======== Available records

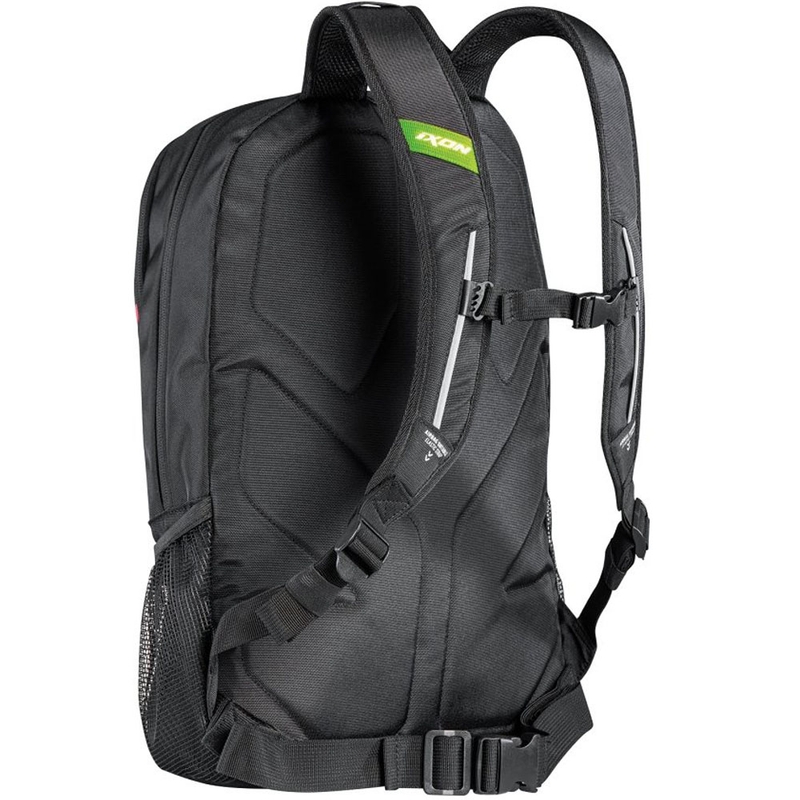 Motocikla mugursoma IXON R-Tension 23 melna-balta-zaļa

================
======== Available records

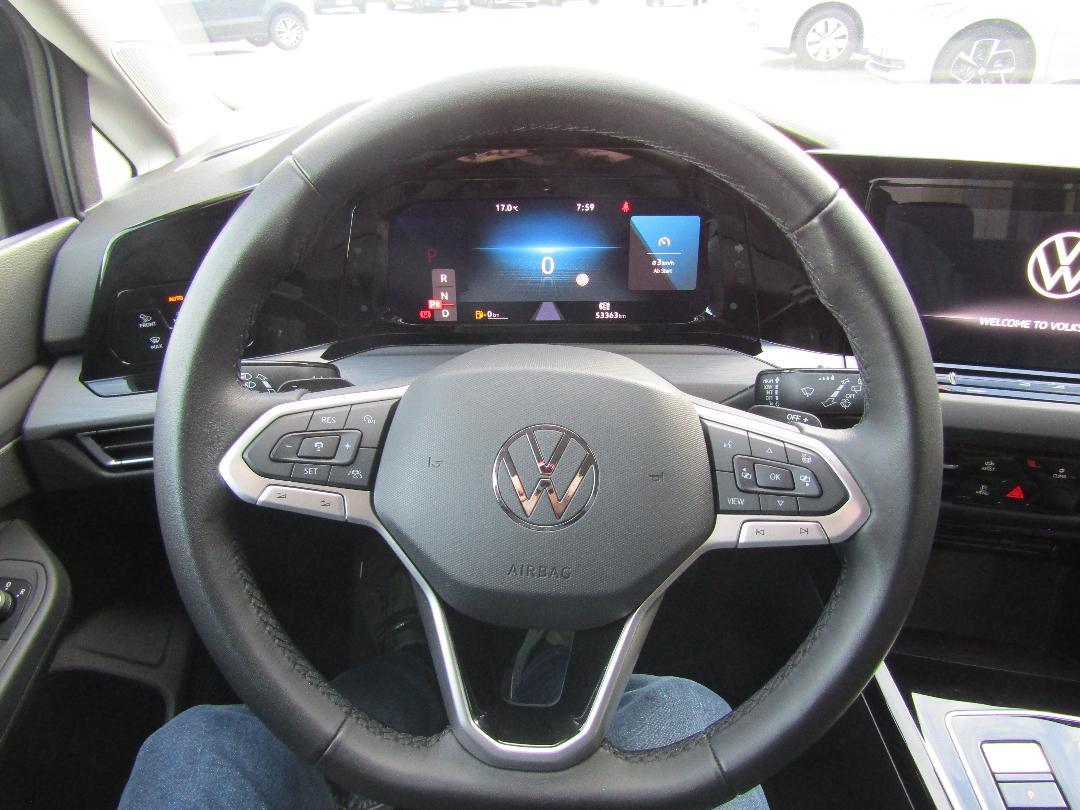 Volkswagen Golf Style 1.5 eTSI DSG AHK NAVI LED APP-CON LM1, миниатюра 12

================
======== Available records

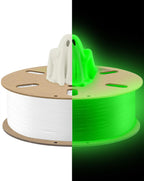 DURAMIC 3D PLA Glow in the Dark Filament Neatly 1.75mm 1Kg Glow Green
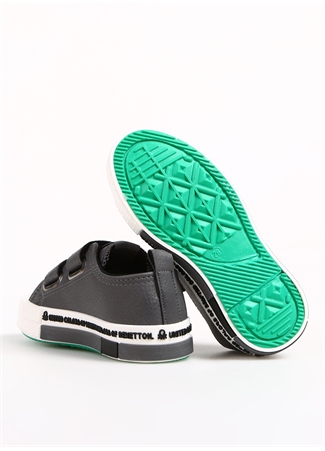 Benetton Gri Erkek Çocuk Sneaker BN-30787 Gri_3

================

What to produce » Above are the records. Copy only the lines from the one with "DURAMIC 3D PLA" through the one with "Benetton Gri Erkek", exactly, with no pictures.

Result of this exercise »
 DURAMIC 3D PLA Glow in the Dark Filament Neatly 1.75mm 1Kg Glow Green
 Benetton Gri Erkek Çocuk Sneaker BN-30787 Gri_3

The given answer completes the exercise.